Segment Open
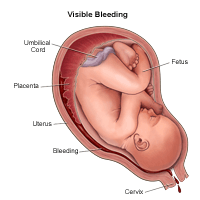 Illustration demonstrating visible bleeding during pregnancy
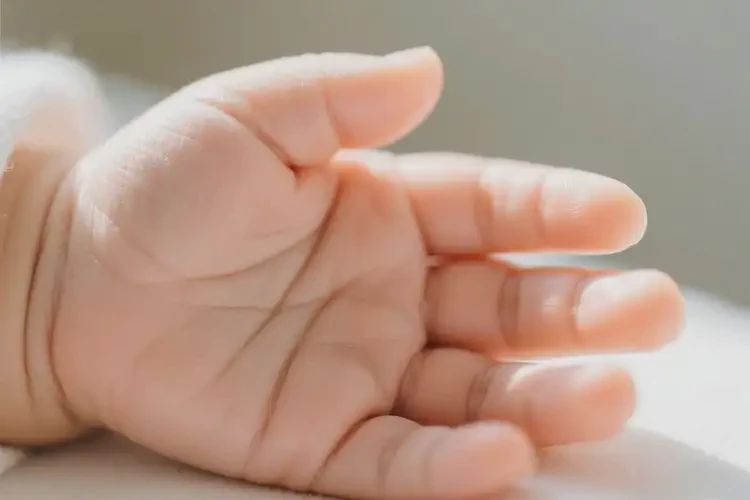 寶寶手上偶爾起濕疹可以治好嗎(圖4)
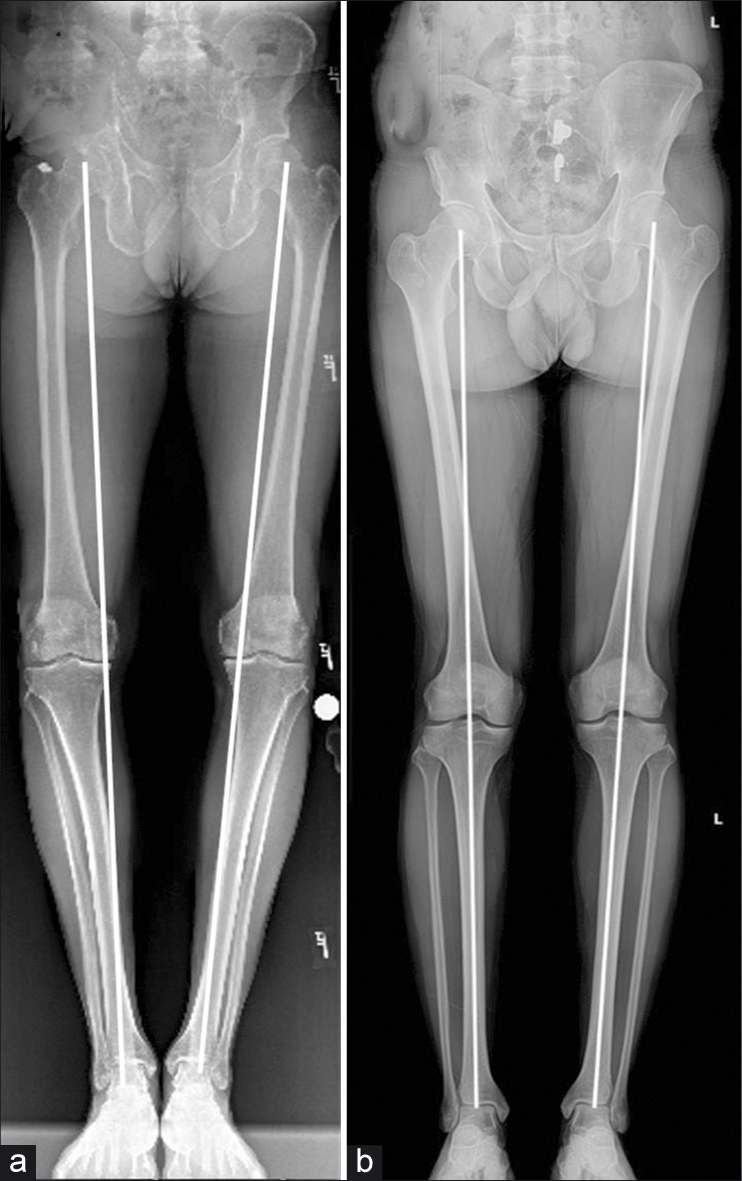 Varus Alignment (a) is not tolerated by posterolateral corner reconstruction grafts and must be addressed prior to MLKI. Alignment is determined by drawing a line from the center of the femoral head to the midpoint of the dome of the talus. If the line passes through the center of the tibial spines, the patient is in neutral alignment. (b) If the lines traverses medial to the apex of the medial tibial spine (eminence), the patient is in varus alignment. Opening- wedge proximal tibial osteotomy is often chosen to address this deformity, and is one case where multiple ligament reconstructions of the knee should be staged.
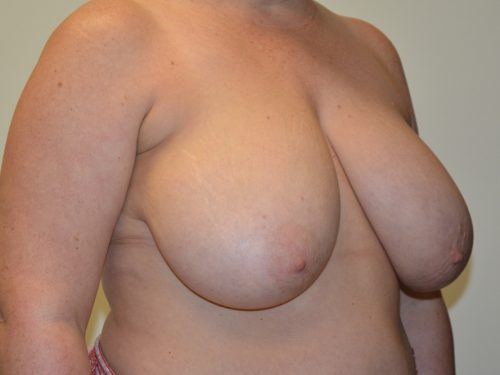 Breast Reduction Before Patient 2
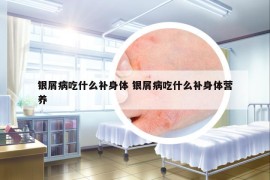 银屑病吃什么补身体 银屑病吃什么补身体营养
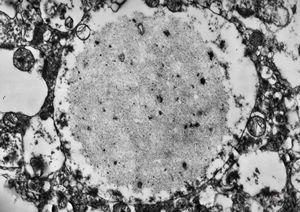 M,71y. | Alzheimer diseaseaccompanied with CADASIL - amyloid body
Segment Closed
#### [EXERCISE INSTRUCTIONS]
Could the data above be repeated exactly, with every picture dropped?

#### [EXERCISE RESULT]
 Illustration demonstrating visible bleeding during pregnancy
 寶寶手上偶爾起濕疹可以治好嗎(圖4)
 Varus Alignment (a) is not tolerated by posterolateral corner reconstruction grafts and must be addressed prior to MLKI. Alignment is determined by drawing a line from the center of the femoral head to the midpoint of the dome of the talus. If the line passes through the center of the tibial spines, the patient is in neutral alignment. (b) If the lines traverses medial to the apex of the medial tibial spine (eminence), the patient is in varus alignment. Opening- wedge proximal tibial osteotomy is often chosen to address this deformity, and is one case where multiple ligament reconstructions of the knee should be staged.
 Breast Reduction Before Patient 2
 银屑病吃什么补身体 银屑病吃什么补身体营养
 M,71y. | Alzheimer diseaseaccompanied with CADASIL - amyloid body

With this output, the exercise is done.